---------- Extracted information

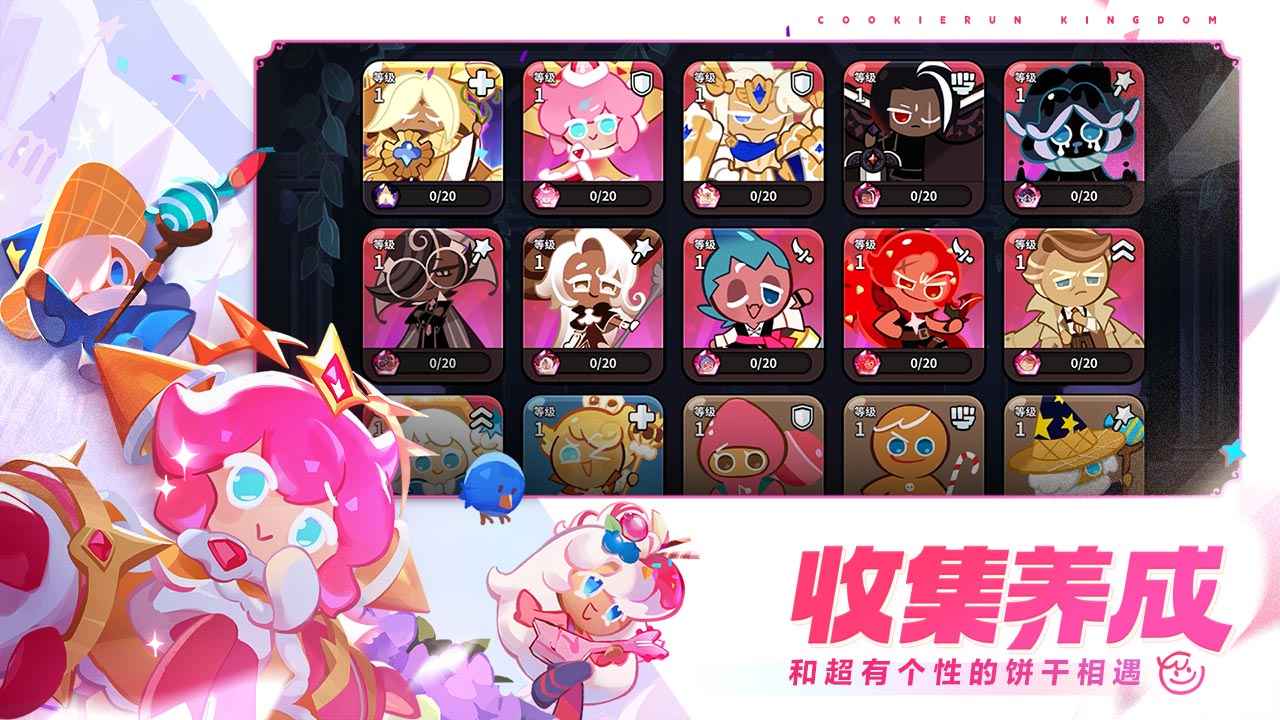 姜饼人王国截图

--------------------
---------- Extracted information

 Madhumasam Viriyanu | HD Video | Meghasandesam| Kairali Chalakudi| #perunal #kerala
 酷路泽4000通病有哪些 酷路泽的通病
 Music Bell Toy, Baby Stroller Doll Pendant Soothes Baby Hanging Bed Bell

--------------------

In the listing above, find the line with "酷路泽4000通病有哪些 酷路泽的通病" and the line with "Music Bell Toy, Baby", then print exactly those two lines and every line between them, and nothing more.

 酷路泽4000通病有哪些 酷路泽的通病
 Music Bell Toy, Baby Stroller Doll Pendant Soothes Baby Hanging Bed Bell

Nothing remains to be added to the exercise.